One other thing worth mentioning, log rotation, the kubelet daemon is responsible for rotating container logs and managing the logging directory structure. It tells the container runtime where to write container logs.
You can configure `containerLogMaxSize` (max size of file) and `containerLogMaxFiles` (how many log files can be created)
So for Cluster-Level logging we have these options:
Use a node-level logging agent
Create a DeamonSet that will act as an agent per node. It will look inside a directory where the logs are stored and push them to a logging backend.
Include dedicated sidecar container for handling logs in a pod
Push the logs directly from the app to a back-end (you have to modify the app code itself)
Creating a Pod is pretty simple, as long as the yaml is right k8s will try to create it.

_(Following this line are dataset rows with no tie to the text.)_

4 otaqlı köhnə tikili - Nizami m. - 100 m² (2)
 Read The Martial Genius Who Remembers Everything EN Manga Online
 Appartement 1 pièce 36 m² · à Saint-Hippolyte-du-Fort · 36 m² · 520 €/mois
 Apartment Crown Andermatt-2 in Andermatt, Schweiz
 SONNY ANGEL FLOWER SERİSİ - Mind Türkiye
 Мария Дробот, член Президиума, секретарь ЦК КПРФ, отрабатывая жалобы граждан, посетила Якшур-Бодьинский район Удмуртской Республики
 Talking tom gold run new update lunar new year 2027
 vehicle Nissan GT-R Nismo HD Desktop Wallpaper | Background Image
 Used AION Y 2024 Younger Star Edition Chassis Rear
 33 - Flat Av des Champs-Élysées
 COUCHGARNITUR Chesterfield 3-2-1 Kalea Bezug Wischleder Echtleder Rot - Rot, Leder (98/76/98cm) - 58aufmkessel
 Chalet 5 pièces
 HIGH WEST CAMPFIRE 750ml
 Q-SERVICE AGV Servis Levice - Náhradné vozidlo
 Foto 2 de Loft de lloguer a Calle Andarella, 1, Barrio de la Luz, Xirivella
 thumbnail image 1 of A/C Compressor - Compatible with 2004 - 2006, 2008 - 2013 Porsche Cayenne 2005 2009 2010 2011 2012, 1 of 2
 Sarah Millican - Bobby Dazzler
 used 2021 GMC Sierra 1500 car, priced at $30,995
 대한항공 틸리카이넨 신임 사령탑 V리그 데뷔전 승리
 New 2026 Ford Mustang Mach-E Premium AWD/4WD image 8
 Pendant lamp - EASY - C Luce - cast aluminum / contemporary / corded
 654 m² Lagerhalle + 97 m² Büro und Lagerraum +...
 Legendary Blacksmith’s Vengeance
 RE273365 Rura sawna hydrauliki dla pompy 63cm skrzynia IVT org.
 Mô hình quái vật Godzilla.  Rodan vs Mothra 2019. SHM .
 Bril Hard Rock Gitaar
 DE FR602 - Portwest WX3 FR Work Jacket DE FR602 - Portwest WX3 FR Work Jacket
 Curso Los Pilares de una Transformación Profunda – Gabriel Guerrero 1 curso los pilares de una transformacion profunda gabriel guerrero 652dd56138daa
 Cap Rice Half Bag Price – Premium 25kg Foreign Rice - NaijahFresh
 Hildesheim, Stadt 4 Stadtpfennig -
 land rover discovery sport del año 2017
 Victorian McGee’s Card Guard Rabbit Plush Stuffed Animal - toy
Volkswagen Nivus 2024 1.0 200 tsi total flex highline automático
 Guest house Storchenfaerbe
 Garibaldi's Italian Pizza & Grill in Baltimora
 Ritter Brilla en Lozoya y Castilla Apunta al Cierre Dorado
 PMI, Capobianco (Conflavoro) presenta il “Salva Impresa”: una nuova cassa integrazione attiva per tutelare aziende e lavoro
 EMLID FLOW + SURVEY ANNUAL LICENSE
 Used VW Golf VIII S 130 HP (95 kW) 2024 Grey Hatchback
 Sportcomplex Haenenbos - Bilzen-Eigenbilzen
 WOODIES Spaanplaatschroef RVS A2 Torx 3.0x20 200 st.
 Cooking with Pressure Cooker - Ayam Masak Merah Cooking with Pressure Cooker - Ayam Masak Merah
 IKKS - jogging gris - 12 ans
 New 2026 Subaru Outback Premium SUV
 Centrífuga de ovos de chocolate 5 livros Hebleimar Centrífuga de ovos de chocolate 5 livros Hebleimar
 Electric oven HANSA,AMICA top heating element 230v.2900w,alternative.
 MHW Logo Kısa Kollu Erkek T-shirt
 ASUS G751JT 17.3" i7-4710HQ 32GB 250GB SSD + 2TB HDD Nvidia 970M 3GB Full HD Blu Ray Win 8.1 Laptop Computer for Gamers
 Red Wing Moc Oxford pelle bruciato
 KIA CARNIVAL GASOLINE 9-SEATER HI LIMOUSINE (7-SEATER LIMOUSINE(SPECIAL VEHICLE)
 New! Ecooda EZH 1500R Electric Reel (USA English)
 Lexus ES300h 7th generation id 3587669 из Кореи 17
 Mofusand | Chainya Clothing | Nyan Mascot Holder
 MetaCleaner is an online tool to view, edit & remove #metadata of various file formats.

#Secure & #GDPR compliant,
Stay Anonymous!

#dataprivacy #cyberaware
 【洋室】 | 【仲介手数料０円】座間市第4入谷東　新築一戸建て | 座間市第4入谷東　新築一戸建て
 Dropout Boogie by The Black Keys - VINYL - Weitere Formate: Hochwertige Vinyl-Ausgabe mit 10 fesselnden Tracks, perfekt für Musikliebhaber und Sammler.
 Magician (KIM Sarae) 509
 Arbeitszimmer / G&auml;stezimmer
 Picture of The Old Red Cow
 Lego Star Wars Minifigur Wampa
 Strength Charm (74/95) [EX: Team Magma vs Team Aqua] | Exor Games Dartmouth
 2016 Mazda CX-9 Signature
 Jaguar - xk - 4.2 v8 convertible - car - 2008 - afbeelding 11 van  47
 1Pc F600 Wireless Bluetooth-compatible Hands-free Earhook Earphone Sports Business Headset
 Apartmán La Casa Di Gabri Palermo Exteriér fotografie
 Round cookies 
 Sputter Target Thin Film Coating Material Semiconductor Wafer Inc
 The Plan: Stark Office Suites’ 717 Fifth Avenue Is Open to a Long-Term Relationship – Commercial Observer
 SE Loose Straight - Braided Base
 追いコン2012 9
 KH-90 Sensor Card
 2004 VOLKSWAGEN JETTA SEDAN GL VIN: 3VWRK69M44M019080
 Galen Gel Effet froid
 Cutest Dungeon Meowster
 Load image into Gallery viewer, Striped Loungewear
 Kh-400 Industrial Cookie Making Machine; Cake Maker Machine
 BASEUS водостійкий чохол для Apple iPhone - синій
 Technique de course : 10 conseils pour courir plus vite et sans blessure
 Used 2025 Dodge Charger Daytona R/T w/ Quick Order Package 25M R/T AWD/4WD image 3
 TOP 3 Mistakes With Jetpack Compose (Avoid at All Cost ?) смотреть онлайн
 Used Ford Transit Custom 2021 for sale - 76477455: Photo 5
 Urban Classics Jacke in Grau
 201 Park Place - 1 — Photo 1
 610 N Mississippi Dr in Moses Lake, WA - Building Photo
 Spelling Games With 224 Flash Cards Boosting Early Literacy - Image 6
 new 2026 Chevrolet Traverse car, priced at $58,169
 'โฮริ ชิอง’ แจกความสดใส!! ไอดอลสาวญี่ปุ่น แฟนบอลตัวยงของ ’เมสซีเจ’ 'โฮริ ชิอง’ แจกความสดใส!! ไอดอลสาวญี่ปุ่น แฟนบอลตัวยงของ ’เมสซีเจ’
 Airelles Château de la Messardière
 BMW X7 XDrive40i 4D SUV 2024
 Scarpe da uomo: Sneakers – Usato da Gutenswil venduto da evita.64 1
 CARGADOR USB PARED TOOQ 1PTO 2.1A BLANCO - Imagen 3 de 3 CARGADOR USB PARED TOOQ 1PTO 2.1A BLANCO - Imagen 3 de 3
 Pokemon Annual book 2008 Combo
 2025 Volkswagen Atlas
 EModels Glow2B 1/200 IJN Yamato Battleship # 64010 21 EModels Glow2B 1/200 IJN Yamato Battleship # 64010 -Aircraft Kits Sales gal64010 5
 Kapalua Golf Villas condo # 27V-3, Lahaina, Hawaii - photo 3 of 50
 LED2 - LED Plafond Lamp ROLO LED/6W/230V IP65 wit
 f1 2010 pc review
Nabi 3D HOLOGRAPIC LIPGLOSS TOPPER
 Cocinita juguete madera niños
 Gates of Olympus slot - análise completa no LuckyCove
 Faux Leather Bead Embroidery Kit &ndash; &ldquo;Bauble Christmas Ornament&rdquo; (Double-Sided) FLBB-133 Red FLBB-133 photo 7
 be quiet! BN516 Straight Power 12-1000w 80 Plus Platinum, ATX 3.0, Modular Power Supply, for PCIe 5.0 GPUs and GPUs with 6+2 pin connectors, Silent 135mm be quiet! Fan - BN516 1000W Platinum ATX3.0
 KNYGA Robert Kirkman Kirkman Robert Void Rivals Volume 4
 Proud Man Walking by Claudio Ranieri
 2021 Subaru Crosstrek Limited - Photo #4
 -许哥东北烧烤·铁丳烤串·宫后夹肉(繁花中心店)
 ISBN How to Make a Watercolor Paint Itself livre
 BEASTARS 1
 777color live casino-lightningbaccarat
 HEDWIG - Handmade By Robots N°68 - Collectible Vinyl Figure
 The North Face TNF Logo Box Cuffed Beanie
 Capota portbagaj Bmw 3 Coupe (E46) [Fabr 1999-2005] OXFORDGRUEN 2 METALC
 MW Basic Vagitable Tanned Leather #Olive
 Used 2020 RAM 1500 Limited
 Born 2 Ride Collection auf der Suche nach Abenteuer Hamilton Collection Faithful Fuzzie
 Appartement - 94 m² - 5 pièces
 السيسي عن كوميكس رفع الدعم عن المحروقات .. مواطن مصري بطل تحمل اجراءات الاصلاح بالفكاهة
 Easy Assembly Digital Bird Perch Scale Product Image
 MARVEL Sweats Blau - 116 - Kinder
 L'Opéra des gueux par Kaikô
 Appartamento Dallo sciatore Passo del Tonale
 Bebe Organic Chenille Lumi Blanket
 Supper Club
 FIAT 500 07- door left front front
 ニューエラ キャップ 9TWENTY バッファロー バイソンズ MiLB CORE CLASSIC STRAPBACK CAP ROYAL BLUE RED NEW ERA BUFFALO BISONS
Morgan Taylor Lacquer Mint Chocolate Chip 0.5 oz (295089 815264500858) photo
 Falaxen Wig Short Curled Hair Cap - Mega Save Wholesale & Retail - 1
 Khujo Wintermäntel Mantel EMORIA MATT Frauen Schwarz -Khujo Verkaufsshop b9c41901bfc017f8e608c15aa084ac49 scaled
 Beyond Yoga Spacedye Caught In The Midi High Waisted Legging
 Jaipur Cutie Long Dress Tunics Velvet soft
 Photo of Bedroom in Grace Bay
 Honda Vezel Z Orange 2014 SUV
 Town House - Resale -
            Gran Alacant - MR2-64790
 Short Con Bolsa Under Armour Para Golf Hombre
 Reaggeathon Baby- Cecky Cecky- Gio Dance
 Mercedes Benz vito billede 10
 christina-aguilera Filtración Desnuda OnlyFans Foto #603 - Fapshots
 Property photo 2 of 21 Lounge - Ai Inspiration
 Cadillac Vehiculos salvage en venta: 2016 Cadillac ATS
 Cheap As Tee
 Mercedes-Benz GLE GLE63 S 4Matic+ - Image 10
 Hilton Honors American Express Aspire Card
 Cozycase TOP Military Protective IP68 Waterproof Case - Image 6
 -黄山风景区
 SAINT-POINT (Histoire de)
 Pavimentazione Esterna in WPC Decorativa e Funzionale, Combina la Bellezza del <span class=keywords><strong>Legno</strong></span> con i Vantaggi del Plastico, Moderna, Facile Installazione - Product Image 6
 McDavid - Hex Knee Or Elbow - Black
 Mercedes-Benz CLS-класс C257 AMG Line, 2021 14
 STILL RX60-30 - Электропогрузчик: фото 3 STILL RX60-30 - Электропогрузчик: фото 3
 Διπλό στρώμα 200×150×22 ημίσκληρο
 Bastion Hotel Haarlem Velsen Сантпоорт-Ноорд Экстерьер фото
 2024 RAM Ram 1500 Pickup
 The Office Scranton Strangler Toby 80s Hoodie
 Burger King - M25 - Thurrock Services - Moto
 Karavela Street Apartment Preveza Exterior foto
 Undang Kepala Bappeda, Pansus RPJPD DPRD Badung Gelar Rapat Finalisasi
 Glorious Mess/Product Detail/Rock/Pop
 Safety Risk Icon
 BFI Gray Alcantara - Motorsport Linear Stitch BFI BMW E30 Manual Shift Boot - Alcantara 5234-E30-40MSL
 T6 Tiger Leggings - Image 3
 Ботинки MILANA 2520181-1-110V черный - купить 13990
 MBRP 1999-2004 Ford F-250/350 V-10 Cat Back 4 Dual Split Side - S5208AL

Nevertheless we need to verify the correct behaviour. The first thing is to verify the high-level runtime information of the Pod.
Check the resources, the deployment, the pods, check the status column. Check the number of restarts.
If the number of restarts is greater than 0, then you might want to check the logic of the liveness probe. Identify why the restart was necessary.
Here are some of the common status errors that one might come across.
ImagePullBackOff or ErrImagePull: check correct image name, check if image exists in registry, verify network access from node to registry, check auth.
CrashLoopBackOff: this means the application or command run in container crashes. Check the command executed. Make sure that the container can be created. Like run it with podman or smth
CreateContainerConfigError: the configmap or secret referenced by the container cannot be found. Double check if the objects exists in the namespace.
So a quick list on what to do:
Check status
Check events
Inspect the logs of the pod
If nothing else works, exec into a pods container, see if everything is behaving like it should
Ensure the label selector matches the assigned labels of the Pods
A really good command for checking this is the `k get endpoints` command. It will tell you which pods is your service using.
Check the type of a Service.
The default is `ClusterIP`, if so only the pods within that node can talk to the service.
Check the port mapping, meaning check that the service target port is the same as the port exposed by the pod.
The default is `ClusterIP`, if so only the pods within that node can talk to the service.